Webb was just out of the Basra Palace gate when his B (Rorke’s Drift) Company was heavily ambushed. The ambush was more like a series of ambushes, stretching on for about 2.5 miles. Webb’s mission was to secure every foot of that route for the unarmored resupply convoy. WhoooshhhBAMMM, an RPG flew nearby over his head, and Webb pointed his Warrior directly into the heaviest fighting. As he and his men fired back at the ambush, WhoooshhhBAMMM, another RPG ripped toward them.
The enemy had cracked the code. However they learned, wherever the technology originated from [much more to say on this topic later in this series], the enemy was now emplacing EFPs to hit the most vulnerable parts of the Warrior. This EFP was dead-on. The molten copper slug blasted perfectly through the Warrior’s weakest area, shattering fragments from the Warrior’s own armor into the crew compartment. Colour Sergeant Mark Hughes was alive. The lenses of his goggles had blown out, although the frames were still strapped to his head. The deafened soldiers checked each other. Though Hughes’ gear was singed and the insides of his legs were slightly burned, he was otherwise okay.
Shrapnel heading nearly straight for Major Webb missed him by about 8 inches, slamming into the batteries and wiping them out, filling the interior with acrid smoke. The explosions caused pounds of moon-dust to poof up like an opaque thundercloud inside and outside the vehicle. The dust alone is worse than the darkest night because a light won’t work in the dust.

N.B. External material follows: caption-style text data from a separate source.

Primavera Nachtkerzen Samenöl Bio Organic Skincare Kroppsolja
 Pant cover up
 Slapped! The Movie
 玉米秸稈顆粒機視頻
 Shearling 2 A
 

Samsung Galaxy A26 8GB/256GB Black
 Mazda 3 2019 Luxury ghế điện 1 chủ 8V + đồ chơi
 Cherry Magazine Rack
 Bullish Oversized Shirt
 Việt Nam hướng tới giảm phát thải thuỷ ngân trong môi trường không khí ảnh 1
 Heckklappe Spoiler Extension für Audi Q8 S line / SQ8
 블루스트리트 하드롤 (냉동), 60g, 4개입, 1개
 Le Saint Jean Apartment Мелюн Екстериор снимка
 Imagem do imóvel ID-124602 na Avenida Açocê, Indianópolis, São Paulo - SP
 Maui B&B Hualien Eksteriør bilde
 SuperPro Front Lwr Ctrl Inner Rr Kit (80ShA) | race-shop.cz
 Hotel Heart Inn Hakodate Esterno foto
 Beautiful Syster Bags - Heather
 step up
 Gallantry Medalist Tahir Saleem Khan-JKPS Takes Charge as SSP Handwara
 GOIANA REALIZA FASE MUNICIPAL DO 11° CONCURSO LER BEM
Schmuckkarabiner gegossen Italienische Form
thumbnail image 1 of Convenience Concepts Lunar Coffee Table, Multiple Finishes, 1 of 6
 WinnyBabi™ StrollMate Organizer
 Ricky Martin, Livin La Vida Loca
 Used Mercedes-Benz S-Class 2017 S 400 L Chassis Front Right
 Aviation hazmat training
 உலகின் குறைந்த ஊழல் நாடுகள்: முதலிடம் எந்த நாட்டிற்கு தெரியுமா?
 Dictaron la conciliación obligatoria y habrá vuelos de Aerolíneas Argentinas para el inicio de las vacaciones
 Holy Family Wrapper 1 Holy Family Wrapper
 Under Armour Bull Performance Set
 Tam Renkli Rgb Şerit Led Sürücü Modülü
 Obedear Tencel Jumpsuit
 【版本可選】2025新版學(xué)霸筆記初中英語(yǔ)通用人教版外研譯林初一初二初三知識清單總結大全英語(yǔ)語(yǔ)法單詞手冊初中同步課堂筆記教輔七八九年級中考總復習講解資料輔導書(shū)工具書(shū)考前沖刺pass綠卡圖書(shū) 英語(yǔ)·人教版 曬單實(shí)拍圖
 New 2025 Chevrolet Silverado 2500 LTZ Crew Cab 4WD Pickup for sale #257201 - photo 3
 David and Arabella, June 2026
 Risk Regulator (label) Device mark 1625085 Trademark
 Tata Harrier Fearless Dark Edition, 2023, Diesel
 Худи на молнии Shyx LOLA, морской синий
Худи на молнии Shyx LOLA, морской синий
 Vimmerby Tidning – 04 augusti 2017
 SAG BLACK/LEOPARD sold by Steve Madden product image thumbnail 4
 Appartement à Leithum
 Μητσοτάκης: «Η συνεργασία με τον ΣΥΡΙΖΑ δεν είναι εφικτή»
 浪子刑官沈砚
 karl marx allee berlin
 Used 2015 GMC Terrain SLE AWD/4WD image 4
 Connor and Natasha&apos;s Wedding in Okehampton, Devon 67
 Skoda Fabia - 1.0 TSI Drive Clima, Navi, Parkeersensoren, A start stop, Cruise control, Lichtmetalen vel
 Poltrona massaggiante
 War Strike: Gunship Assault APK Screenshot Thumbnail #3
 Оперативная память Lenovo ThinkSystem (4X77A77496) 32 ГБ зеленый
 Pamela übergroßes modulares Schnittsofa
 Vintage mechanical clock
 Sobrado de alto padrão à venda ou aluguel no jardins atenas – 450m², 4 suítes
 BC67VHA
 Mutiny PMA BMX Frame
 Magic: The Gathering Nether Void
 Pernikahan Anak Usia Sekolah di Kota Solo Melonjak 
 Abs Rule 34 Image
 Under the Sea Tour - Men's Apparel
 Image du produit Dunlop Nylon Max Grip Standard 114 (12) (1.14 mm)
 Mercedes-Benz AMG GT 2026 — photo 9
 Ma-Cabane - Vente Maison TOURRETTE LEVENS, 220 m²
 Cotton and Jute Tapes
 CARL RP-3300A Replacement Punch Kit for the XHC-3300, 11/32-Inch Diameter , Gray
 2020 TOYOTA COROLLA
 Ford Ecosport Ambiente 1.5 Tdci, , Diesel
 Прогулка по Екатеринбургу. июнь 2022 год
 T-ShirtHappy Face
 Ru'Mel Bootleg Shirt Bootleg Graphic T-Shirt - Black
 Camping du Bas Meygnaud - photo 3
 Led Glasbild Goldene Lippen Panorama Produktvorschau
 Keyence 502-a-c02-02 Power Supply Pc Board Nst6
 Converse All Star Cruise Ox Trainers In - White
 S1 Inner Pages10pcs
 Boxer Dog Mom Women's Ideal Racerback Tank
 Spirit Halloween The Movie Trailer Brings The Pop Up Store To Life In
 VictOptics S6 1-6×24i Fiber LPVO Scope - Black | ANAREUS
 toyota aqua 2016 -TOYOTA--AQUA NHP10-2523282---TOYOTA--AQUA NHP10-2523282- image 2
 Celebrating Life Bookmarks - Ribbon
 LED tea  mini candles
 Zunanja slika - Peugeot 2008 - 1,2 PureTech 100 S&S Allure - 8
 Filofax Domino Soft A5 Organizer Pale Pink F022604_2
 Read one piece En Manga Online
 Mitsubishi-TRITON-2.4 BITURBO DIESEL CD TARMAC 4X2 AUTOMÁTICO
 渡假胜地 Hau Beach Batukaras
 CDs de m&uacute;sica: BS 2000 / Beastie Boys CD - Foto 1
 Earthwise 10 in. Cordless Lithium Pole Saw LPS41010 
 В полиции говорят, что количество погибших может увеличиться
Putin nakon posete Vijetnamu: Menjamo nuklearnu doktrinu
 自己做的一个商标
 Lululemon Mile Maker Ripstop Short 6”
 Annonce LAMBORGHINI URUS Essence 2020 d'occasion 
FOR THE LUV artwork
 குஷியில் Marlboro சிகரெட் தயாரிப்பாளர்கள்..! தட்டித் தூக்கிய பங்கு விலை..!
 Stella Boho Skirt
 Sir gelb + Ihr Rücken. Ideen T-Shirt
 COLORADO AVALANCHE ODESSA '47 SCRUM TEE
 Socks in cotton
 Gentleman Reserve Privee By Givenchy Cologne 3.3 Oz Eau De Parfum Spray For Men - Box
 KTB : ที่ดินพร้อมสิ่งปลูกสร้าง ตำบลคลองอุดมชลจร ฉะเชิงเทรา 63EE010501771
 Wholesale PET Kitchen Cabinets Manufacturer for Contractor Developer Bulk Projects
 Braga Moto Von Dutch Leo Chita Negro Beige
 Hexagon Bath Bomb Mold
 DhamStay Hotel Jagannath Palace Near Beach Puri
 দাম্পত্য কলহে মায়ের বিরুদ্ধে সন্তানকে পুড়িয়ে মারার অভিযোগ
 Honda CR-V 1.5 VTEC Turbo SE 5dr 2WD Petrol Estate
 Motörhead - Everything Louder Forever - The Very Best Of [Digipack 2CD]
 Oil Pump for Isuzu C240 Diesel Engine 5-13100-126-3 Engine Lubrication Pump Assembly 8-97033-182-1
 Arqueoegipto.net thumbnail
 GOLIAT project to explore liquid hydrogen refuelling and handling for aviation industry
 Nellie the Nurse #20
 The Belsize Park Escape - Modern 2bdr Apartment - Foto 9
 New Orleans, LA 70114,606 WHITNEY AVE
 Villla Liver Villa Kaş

Stunned and blinded by the dust, Webb’s turret power was out, and he had no comms. Somehow he could hear the Warrior motor running and could feel that the vehicle was still driving. This could be good (as in driving the Warrior out of the kill zone), or bad (as in the driver is dead, but somehow the vehicle is still rumbling around). With comms down, Webb could not contact the driver, Pte Smith, to find out. In the darkness Webb cocked his rifle and climbed blindly to the top of the vehicle, and then down to Smith’s hatch. Soldiers in other vehicles could see bullets raining down on Webb’s wounded Warrior, as he crouched down—if he fell forward he’d be flattened like a pancake under the tracks—and yelled at Smith who, luckily enough, was wounded but still alive.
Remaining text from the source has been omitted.